Даже в самые смутные эпохи, производящие наиболее странные перемены личностей, не трудно открыть под новыми формами основные признаки расы. Централизующий, властный и деспотический порядок суровых якобинцев отличим ли он в сущности от такого же деспотического централизирующего порядка, какой вкоренился в умах французов за 15 лет монархии? За всеми революциями латинских народов он постоянно возобновляется, этот упрямый режим, эта неизлечимая потребность быть в подчинении, потому что такой но рядок представляет род синтеза инстинкта латинской расы. Только благодаря ореолу своих побед Бонапарт стал властителем. Когда он преобразовал республику в диктатуру, наследственные инстинкты расы изо дня в день обнаруживались все с большей и большей силой, и, не случись тут инженерный офицер, дело обошлось бы и при вмешательстве любого искателя приключений. 50 лет спустя наследнику его имени стоило только показаться, чтобы осмеять избирательное голосование всего народа, утомленного свободой и жаждущего рабства.

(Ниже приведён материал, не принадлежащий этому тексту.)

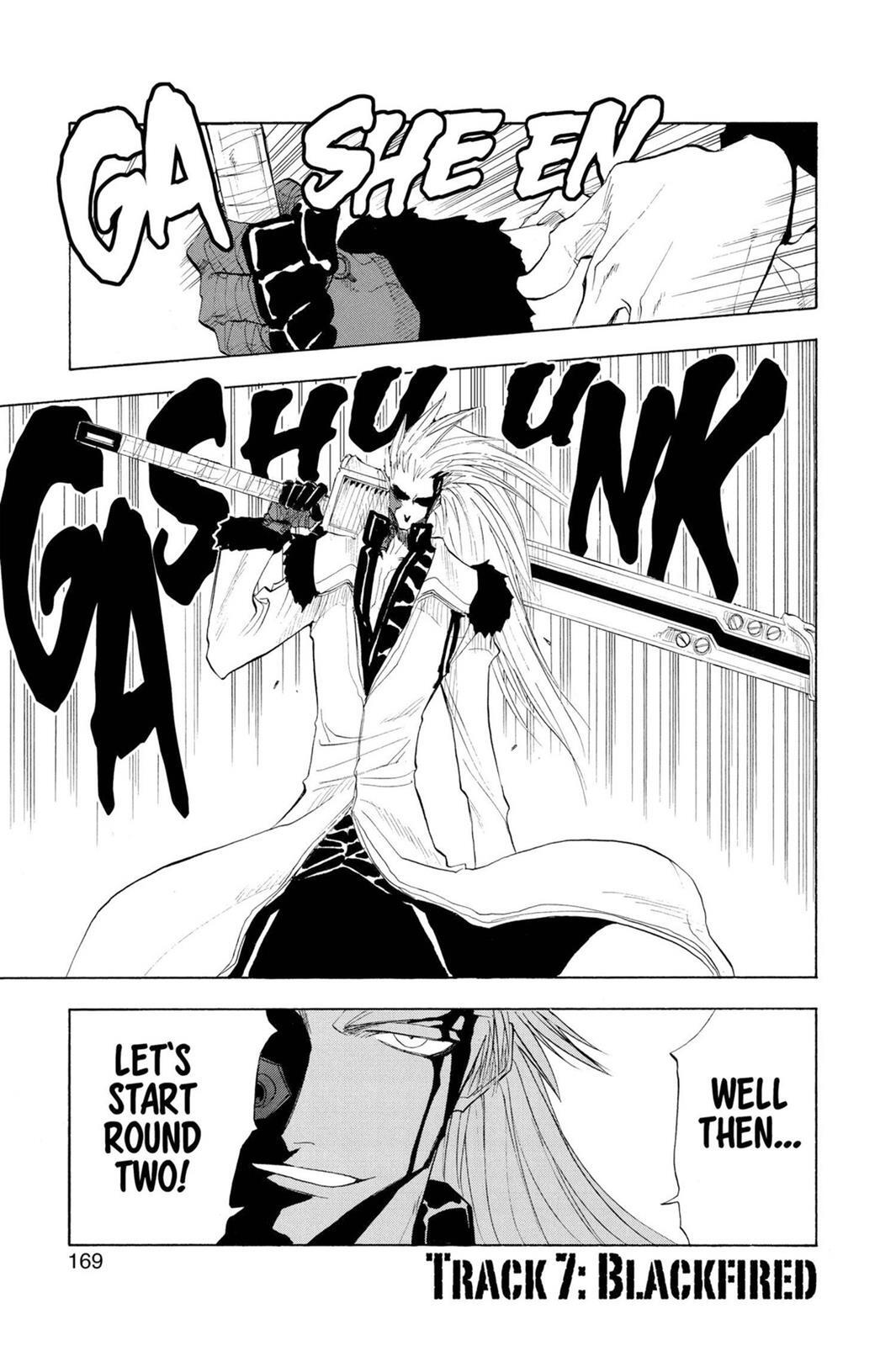 Read Zombie Powder Manga Online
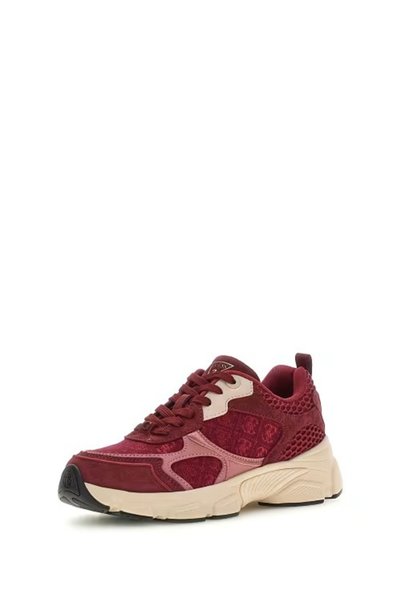 Guess Indye Kadın Deri Karışımlı Sneaker Ayakkabı FLTID2FAB12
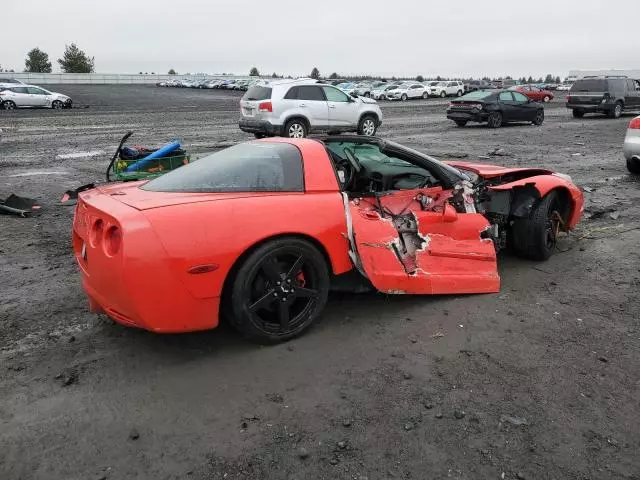 1999 Chevrolet Corvette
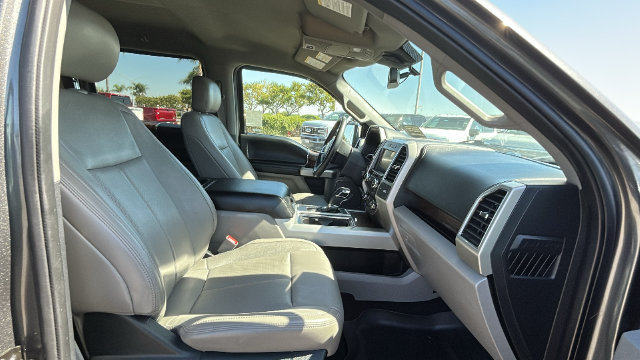 Certified 2019 Ford F150 Lariat AWD/4WD image 11
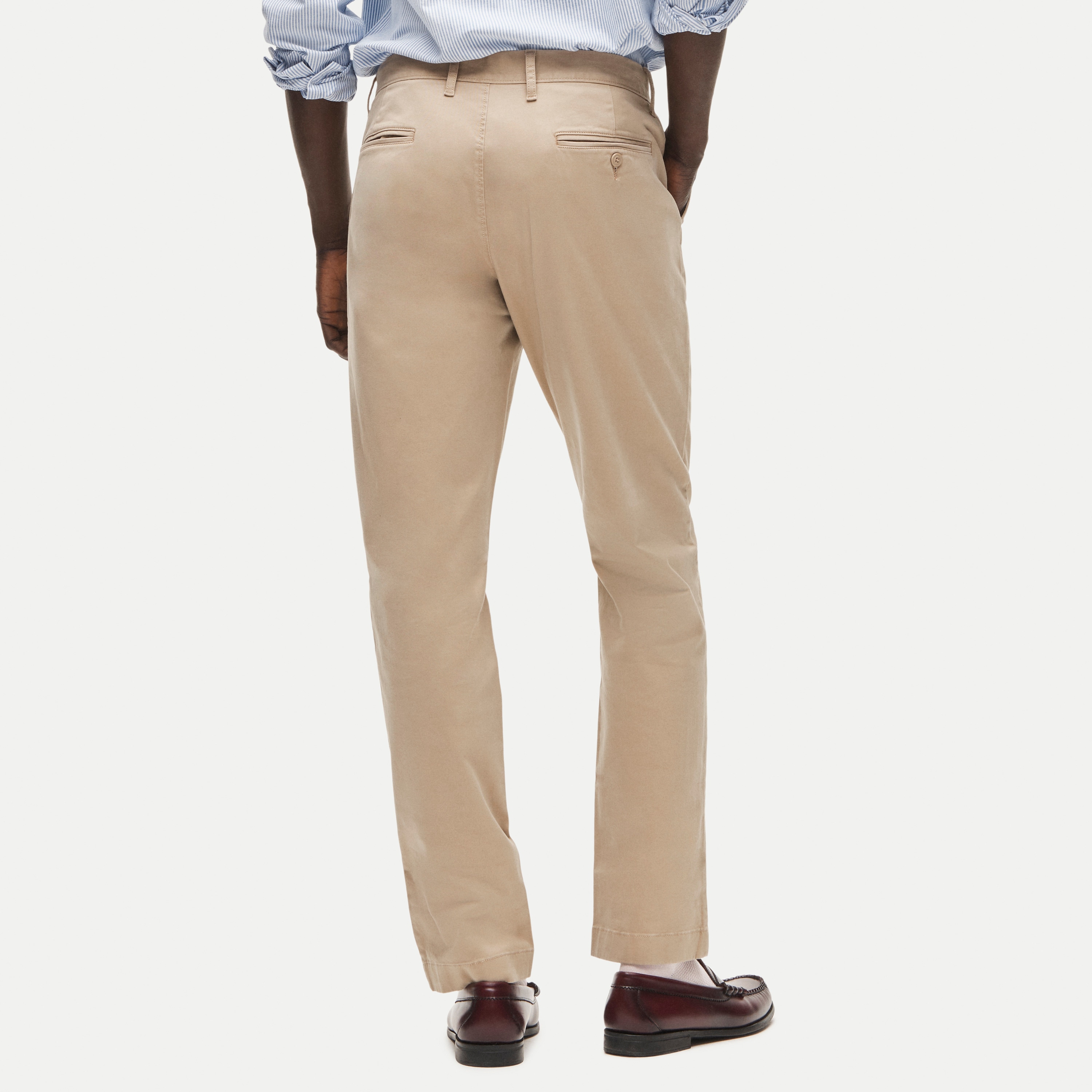 770™ Straight-fit Stretch Chino Pant For Men | J.Crew
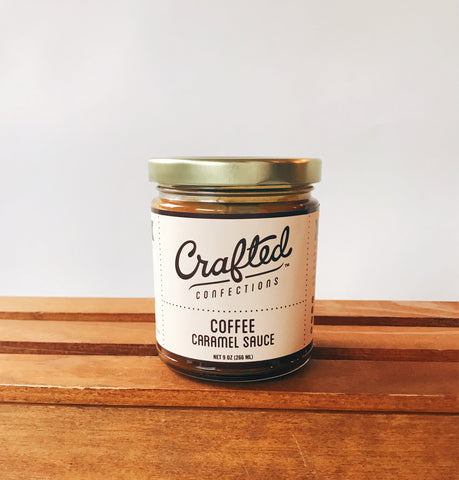 Coffee Caramel Sauce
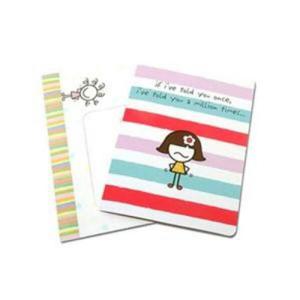 아트박스/스머크 Card - TOLD YOU ONCE (SCSM041)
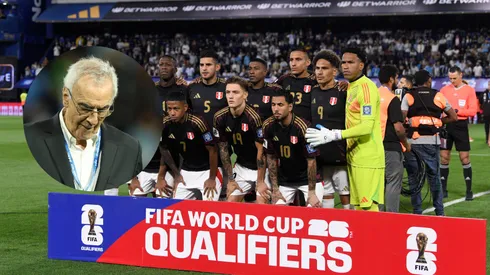 Selección de Perú tiene un nuevo nombre para reemplazar a Jorge Fossati.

Не брюмер (второй месяц республиканского календаря) создал Наполеона, но душа расы, которую он согнул под свою железную пяту.
"По его первому жесту", пишет Тэн о Наполеоне, "французы поверглись в повиновение и остаются в нем, как бы в своем естественном состоянии, мелкие — крестьяне и солдаты — с выражением собачьей верности, крупные — сановники и чиновники — с византийским раболепством и низкопоклонством. Со стороны республиканцев — никакого отпора; наоборот, именно между ними Наполеон нашел себе лучшие орудия своего царствования: сенаторов, депутатов, государственных советников, судей и всякого рода администраторов. Тотчас же под их проповедями о свободе и равенстве он распознал их властолюбивые инстинкты, их потребность повелевать и первенствовать даже в деле подчинения и, сверх того, он открыл у большинства из них аппетиты к деньгам или наслаждениям. Между делегатами спасения народа и министрами, префектами или под-префектами Империи разница небольшая. Это одно и то же лицо, один и тот же человек, но в двух костюмах, появляющийся сначала в революционной куртке, а затем в шитом мундире".

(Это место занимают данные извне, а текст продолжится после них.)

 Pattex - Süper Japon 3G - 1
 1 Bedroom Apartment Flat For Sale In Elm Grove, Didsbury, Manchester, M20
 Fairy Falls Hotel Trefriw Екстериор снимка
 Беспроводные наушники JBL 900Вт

…Одним из больших заблуждений нового времени является мысль, что человеческая душа может найти счастье только во внешних предметах. Счастье находится в нас самих, создается нами и почти никогда не возникает помимо нас. Свергнув идеалы прежнего времени, мы убеждаемся теперь, что без них жить нельзя и что для спасения себя от гибели нужно открыть тайну, как их заменить.
…История народов политическая, художественная и литературная является продуктом их верований, но последняя, изменяя характер, в свою очередь глубоко изменяется и под влиянием характера. Характер народа и его верования — вот ключи его судьбы. Характер, в своих основных элементах, является неизменным и именно потому, что он не меняется, история данного народа всегда сохраняет некоторое единство. Верования же могут меняться, и вот вследствие того, что они меняются, история заносит в свои летописи столько переворотов.
"…Лишь при тщательном изучении эволюции цивилизации, — пишет Лебон, — удается установить устойчивость умственного склада рас. С первого же раза кажется, что общим правилом является изменяемость, а не устойчивость. История народов могла бы действительно привести к предположению, что душа их подвергается иногда весьма быстрым и значительным преобразованиям.
Разве не кажется, например, что существует значительная разница между характером англичанина времен Кромвеля и характером современного англичанина? Нынешний итальянец, осторожный и хитрый, разве не кажется весьма похожим на впечатлительного и свирепого итальянца, каким мы его находим в мемуарах Бенвенуто Челлини? Если не ходить так далеко и ограничиться Францией, то разве не найдем мы здесь столько видимых перемен в характере" за несколько лишь столетий, а иногда и в течение нескольких годов? Какой историк не отметил различий в национальном характере между XVII и XVIII веками? А в наши дни разве не кажется, что целый мир лежит между характеров сурового члена Конвента и характером смиренных рабов Наполеона? Однако ж, это были те же люди, а за несколько лет они уже кажутся совершенно иными".